Today, I read another raving article about Paul Rand. I like his designs, but I cannot enjoy the hagiographical little stories that people tell about him.
His text, Good Design is Goodwill, is still passed around by teachers to students without much commentary as if Rand had written it yesterday. In this essay, Rand explains what it takes for design to be taken seriously as a profession. Among other things, it had to be less associated with women:
«In some circles art and design were, and still are, considered effeminate, something “removed from the common affairs of men.” Others saw all artists “performing no useful function they could understand.” At one time, design was even considered a woman’s job. “Let men construct and woman decorate,” said Ben Pitman, the man who brought new ideas about the arts from England to the United States in the 1850s.»
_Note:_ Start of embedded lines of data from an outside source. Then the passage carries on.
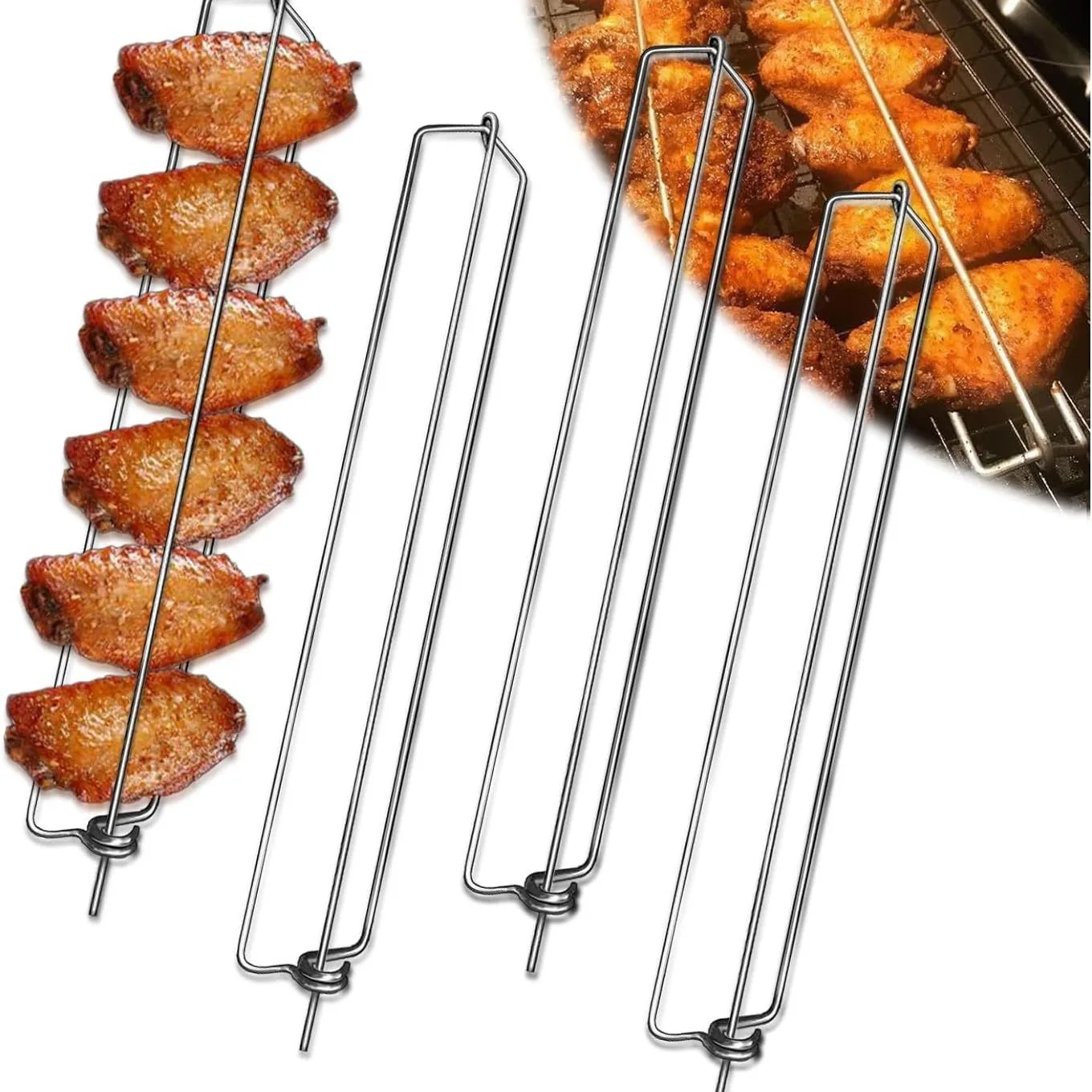 Wholesale Customized New cross-border wing rails grilling outdoor barbecue forks grills and BBQ tools factory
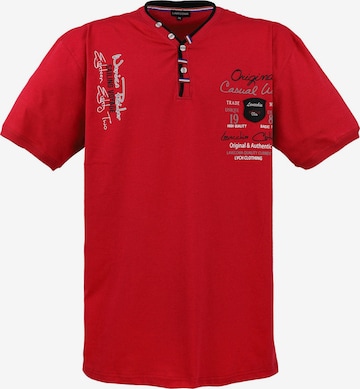Lavecchia Shirt 'LV-2042' in Rot: Vorderseite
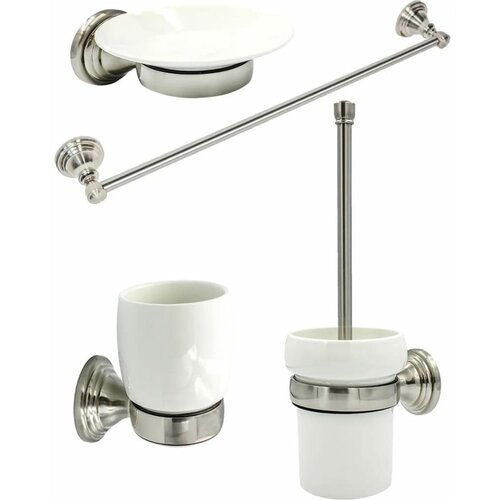    BATH PLUS BRONX NICKEL SET5,  5117  Bath Plus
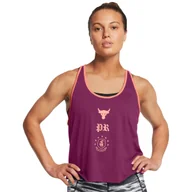 Koszulki sportowe damskie - Damski top treningowy Under Armour Project Rock W Tank Boh - fioletowy - UNDER ARMOUR - miniaturka - grafika 1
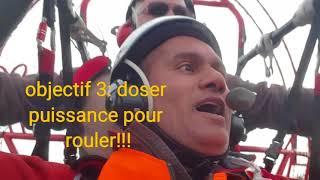 formation  paramoteur  LESCIENCIEL:  séance emport passager Mitch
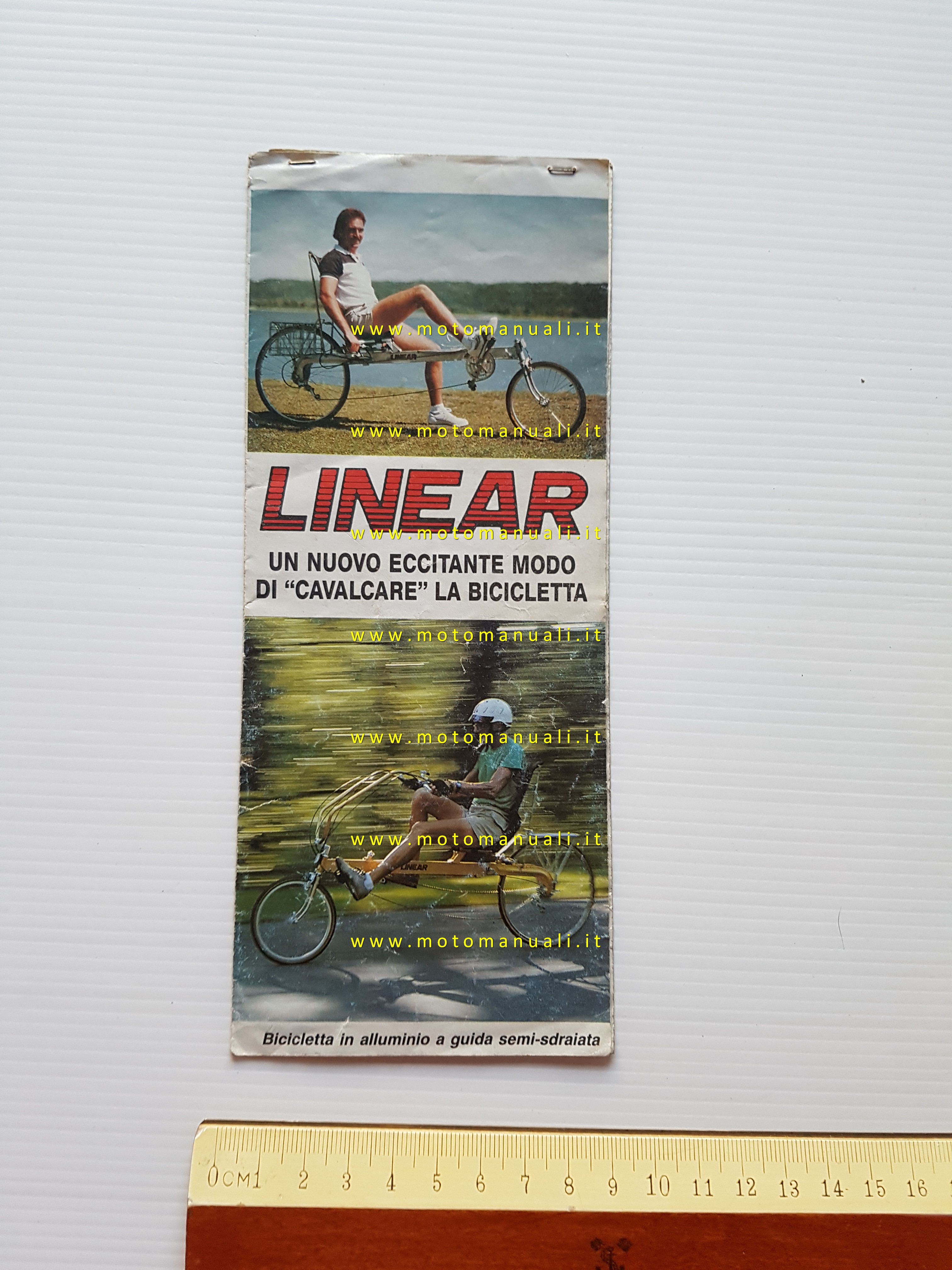 BOL Linear bicicletta turismo a guida semi sdraiata 1990 depliant originale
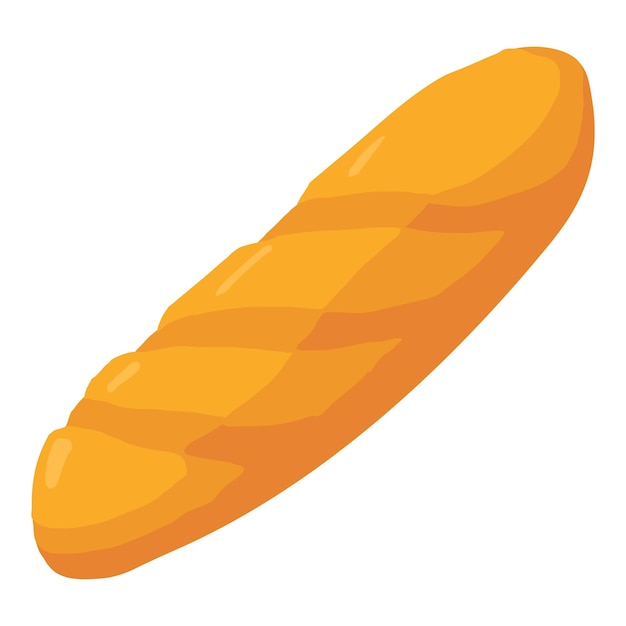Baguette icon Cartoon illustration of baguette vector icon for web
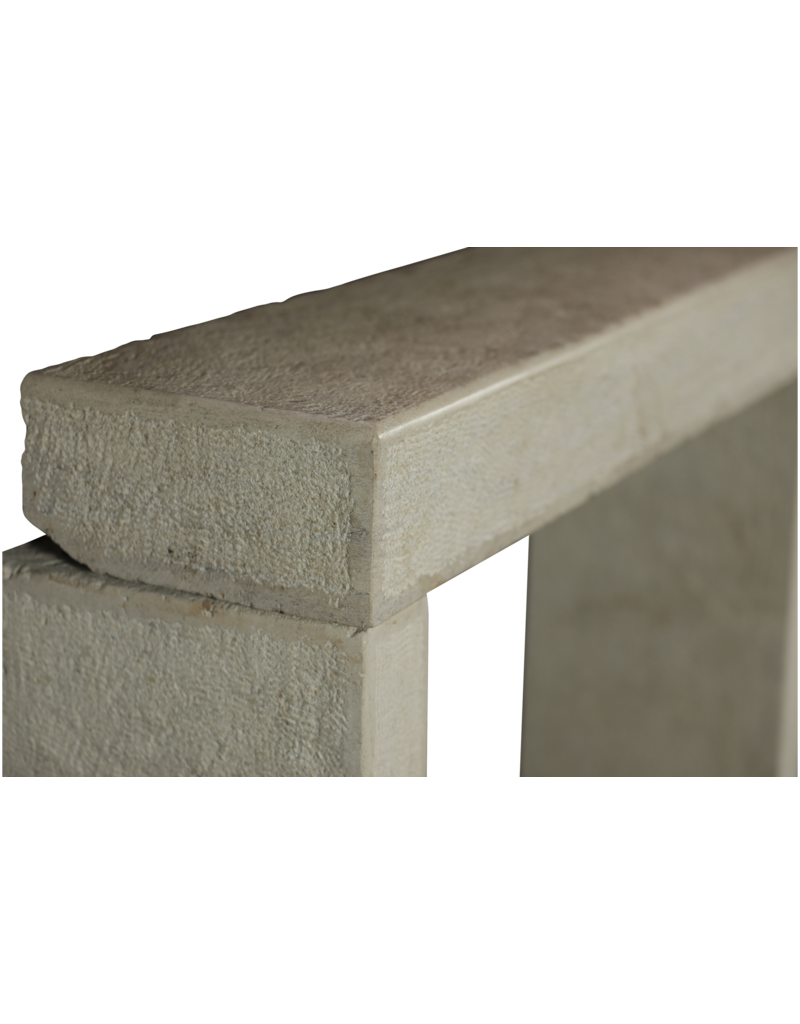 Maison Leon Van den Bogaert Marco De Chimenea De Piedra Caliza Beige Para Siempre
Rand wrote this in 1987. It is impossible not to relate this passage to his quitting from Yale three years later over hiring Feminist designer Sheila Levrant de Bretteville. On “Confusion and Chaos: the Seduction of Contemporary Graphic Design,” a text that is widely regarded as a commentary on this event, he famously objected to politics in the classroom:
«Both in education and in business, graphic design is often a case of the blind leading the blind. To make the classroom a perpetual forum for political and social issues for instance is wrong; and to see aesthetics as sociology is grossly misleading. A student whose mind is cluttered with matters which have nothing directly to do with design; whose goal is to learn doing and making; who is thrown into the fray between learning how to use a computer at the same time that he or she is learning design basics and being overwhelmed with social problems and political issues is a bewildered student. This is not what he or she bargained for, nor, indeed paid for.»
In 1992, when Rand wrote this, the so-called Culture Wars were being fought on campuses across the United States of America. Ostensibly, Rand aligned with the conservative side, quoting extensively from Tenured Radicals, Roger Kimball’s 1990 screed:
«It is no secret […] that the academic study of the humanities in this country is in a state of crisis… Every special interest—women’s studies, black studies, gay studies, and the like—and every modish interpretive gambit—deconstructivism, post structuralism, new historicism, postmodernism… has found a welcome roost in the academy and in many studios, while the traditional curriculum and modes of intellectual inquiry are excoriated as sexist, racist, or just plain reactionary.»
The Culture Wars are, by and large, ignored by design’s history. Critics and historians talk about this period as the Style Wars – emphasizing squabbles over kerning, trendy fonts, and New Wave graphics over the underlying politics of the discussion.
In his essay mentioned above, “Confusion and Chaos,” Rand explicitly connects style and politics. Still, graphic design’s histories largely ignore Rand’s opinions that constitute proof that the Culture Wars also happened inside design’s oblivious confines.